Discussed in 2022-Mar-07 LDWG meeting: Note that ... CAN be used to mean an invalid header when desugaring, with some extra cases when serializing the IR to P4_16 code in p4c. Thus adding a literal syntax for an invalid header is merely additional convenience of expression, not new expressive power in the language.
Created a separate issue for the question of whether ... should be permitted in non-initializing contexts of P4 code here https://github.com/p4lang/p4-spec/issues/1032
@mbudiu-vmw Do you have any thoughts on having no special literal syntax that means only "an invalid header", and somewhat complicating the "IR-to-P4_16" code generation in p4c so that whenever there is an invalid header implied by ..., it remains implied by ... always?
Comment on p4c changes currently being considered to implement ... behavior, that might be relevant when considering what to do about this language spec issue: https://github.com/p4lang/p4c/pull/2368#issuecomment-1063092163 (and my comment replying to it immediately afterwards).
If we allow ... in any position then it can indeed be used to indicate an uninitialized header.
Currently , ... at the end of a list expression means that all other fields of the struct or header that have not yet had a value specified for them should be given their default values.
Would trying to use ... as the last element ever lead to ambiguity of meaning if we also use it to mean an uninitialized header in the last position?
I need to write an initializer like { a = ..., b = 2 }, if a is a header that must be invalid.
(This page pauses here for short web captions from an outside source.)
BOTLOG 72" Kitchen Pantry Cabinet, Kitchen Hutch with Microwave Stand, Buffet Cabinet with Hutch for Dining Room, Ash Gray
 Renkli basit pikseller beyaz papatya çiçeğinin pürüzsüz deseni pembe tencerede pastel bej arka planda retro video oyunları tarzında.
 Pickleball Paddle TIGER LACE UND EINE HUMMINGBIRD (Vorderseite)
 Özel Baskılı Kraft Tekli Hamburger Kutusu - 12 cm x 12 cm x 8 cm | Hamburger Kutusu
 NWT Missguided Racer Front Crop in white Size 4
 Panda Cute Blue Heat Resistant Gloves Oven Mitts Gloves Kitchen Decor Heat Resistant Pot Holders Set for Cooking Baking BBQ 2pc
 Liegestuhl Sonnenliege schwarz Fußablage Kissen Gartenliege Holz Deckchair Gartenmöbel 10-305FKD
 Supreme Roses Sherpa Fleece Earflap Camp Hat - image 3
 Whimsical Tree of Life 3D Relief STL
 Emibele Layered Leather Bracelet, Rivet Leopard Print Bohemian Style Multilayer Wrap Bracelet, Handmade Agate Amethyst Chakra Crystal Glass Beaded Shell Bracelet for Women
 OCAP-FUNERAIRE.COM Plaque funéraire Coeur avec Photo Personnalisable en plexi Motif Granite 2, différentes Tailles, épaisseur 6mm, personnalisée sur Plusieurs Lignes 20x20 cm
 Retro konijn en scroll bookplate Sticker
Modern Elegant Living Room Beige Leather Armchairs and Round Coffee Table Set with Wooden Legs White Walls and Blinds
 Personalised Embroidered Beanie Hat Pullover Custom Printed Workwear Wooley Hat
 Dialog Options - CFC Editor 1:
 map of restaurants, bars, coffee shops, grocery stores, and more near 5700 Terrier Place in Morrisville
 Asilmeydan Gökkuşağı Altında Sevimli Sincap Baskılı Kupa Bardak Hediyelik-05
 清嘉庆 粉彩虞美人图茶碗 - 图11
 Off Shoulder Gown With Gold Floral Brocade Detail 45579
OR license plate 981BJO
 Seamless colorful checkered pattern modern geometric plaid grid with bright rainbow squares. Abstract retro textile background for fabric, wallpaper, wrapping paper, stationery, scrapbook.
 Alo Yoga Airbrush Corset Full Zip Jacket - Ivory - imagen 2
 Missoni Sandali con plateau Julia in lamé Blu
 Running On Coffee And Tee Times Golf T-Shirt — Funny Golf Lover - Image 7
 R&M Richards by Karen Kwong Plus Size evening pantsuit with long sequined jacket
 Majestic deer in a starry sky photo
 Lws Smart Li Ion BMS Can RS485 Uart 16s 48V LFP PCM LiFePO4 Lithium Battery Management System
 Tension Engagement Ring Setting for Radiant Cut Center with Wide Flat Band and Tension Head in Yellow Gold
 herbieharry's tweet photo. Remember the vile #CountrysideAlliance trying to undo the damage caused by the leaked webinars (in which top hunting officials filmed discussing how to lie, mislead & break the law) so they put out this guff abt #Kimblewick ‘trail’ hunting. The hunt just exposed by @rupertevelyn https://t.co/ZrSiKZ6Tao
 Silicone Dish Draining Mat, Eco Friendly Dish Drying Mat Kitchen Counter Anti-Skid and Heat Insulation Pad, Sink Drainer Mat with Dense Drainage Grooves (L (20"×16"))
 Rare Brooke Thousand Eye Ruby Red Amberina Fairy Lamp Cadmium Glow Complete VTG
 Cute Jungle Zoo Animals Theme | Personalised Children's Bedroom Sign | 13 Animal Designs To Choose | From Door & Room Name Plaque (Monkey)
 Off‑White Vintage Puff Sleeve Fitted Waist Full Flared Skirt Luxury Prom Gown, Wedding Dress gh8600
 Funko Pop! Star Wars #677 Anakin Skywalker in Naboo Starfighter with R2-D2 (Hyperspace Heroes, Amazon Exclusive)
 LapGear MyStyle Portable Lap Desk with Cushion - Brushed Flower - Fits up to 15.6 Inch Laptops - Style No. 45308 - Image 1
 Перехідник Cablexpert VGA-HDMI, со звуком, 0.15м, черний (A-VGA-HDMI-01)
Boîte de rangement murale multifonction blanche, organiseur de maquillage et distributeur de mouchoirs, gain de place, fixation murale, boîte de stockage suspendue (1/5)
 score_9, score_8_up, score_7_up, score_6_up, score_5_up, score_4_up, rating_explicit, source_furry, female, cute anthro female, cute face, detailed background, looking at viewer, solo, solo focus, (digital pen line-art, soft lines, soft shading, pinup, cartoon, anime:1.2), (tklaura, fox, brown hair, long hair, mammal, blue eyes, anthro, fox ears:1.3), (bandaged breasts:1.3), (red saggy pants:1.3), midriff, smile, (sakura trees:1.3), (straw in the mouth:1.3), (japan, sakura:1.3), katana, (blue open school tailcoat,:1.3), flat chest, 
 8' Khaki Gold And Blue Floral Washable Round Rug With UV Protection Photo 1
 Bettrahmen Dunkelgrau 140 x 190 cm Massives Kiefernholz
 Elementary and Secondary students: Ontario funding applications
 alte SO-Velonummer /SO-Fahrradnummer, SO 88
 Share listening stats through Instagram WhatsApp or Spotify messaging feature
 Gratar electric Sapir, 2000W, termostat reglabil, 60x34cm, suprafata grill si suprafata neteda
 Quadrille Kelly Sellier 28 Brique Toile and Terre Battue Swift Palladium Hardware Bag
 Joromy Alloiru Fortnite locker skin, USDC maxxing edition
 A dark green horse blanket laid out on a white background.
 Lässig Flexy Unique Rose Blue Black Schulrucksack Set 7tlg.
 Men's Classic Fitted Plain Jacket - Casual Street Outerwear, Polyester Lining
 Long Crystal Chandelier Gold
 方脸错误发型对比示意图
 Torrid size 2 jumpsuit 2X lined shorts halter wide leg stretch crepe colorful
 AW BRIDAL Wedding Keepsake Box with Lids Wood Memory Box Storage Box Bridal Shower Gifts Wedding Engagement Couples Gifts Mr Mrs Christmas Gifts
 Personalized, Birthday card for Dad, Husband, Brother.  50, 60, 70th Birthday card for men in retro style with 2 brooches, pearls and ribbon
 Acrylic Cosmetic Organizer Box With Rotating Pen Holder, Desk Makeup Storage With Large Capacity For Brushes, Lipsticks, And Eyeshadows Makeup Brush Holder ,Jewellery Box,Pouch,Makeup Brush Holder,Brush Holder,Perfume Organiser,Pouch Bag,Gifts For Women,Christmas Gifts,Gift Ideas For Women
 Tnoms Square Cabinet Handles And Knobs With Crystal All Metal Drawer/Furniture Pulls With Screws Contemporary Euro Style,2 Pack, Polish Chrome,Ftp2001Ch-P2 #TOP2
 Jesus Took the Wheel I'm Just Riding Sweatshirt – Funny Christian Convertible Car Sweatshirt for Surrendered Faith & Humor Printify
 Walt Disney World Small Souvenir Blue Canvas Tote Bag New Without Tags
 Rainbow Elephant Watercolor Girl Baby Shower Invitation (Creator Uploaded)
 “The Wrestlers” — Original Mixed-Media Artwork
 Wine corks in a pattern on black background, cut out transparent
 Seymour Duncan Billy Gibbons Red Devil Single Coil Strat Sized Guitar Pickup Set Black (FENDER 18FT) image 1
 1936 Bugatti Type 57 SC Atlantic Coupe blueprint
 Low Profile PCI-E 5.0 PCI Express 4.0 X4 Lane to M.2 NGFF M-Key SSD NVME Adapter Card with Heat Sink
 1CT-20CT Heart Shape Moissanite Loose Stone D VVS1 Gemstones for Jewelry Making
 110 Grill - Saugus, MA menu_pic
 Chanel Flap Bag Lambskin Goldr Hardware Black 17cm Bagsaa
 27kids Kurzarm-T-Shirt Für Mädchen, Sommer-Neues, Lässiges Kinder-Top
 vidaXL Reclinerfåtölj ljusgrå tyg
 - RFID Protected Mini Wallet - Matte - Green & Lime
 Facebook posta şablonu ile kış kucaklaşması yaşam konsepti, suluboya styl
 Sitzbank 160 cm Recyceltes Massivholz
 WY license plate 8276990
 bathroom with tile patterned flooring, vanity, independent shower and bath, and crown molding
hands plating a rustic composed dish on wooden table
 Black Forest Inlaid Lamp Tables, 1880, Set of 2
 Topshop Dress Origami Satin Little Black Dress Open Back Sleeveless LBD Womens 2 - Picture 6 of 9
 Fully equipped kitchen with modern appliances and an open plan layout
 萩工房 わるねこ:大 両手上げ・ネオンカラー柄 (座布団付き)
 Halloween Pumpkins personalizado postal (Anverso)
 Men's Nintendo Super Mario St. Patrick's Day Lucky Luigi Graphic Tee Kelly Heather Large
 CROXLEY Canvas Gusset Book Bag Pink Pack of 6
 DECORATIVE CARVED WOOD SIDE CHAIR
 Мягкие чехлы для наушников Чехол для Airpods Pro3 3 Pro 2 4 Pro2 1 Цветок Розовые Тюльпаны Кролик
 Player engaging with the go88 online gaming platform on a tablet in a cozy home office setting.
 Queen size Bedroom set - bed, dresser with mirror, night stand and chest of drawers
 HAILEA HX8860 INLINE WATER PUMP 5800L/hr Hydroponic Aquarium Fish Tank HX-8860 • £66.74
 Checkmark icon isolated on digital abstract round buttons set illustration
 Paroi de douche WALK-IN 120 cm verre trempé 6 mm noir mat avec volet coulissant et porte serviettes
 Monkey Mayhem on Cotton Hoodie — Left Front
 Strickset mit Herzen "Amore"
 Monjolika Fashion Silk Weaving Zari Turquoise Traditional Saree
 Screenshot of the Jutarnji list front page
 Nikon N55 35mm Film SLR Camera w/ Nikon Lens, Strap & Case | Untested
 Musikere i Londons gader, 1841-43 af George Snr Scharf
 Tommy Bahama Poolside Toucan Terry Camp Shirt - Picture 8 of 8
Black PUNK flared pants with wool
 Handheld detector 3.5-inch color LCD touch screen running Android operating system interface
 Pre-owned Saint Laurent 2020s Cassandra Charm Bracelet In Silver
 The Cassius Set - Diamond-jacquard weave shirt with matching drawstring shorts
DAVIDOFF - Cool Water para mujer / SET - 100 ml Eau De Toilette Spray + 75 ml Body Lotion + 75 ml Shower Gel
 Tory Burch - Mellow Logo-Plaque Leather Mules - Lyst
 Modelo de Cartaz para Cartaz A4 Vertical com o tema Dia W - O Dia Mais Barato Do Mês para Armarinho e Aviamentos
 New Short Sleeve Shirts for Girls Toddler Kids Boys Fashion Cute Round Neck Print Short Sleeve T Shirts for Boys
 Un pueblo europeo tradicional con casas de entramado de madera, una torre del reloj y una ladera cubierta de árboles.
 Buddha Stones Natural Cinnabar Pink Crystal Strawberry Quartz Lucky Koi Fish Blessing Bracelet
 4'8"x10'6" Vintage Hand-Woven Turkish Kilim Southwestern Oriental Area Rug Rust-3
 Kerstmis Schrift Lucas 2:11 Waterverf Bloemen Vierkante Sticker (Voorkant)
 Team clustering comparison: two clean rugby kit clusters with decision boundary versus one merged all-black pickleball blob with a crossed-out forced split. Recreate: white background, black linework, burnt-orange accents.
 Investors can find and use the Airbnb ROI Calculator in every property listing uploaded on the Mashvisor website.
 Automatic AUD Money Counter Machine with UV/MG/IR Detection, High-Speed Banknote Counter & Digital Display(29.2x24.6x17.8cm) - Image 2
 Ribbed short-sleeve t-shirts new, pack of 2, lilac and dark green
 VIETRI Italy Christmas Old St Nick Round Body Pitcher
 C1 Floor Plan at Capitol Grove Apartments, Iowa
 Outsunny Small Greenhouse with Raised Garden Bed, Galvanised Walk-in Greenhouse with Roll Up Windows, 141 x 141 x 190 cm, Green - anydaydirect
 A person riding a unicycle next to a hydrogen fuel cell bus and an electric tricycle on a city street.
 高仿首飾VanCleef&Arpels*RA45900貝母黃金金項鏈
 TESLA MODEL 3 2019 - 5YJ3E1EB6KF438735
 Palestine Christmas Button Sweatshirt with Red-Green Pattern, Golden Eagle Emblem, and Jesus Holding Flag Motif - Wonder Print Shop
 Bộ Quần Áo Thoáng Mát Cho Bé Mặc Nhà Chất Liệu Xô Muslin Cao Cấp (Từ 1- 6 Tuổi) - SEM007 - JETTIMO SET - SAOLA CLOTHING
@mbudiu-vmw @jnfoster How would you recommend that we resolve an issue like this? Mihai has stated on multiple occasions that deciding upon a literal syntax for an invalid header, one that is not ..., should help in open source p4c finishing its implementation of the language spec. Open source p4c as of 2022-Oct does not yet implement the ... syntax, even though it has been in the language spec since May 2021.
Would it help to just have a straight-out vote on preferred literal syntax, like in this Google sheet? https://docs.google.com/spreadsheets/d/1wtdGUV40frg3NR6lfwOW_kgVgzoUNEh2dYbkkaudofE/edit#gid=0
Just pick something and go?
I'm concerned that this issue will linger for another 1.5 years or more.
I think we should try to reach consensus rather than making a snap decision.
I think the 1.5 years delay is mostly due to lack of interest / pushing from anyone in the LDWG. So with your nudge, we will get this back on the agenda and let's drive it to a conclusion.
@jnfoster Sounds good to me. Happy to do some nudging, if it helps. I know that ... is "only syntactic sugar", i.e. any program written using ... can be written a different way syntactically without ..., but it seems like pretty useful sugar to me.
Fixed by #1240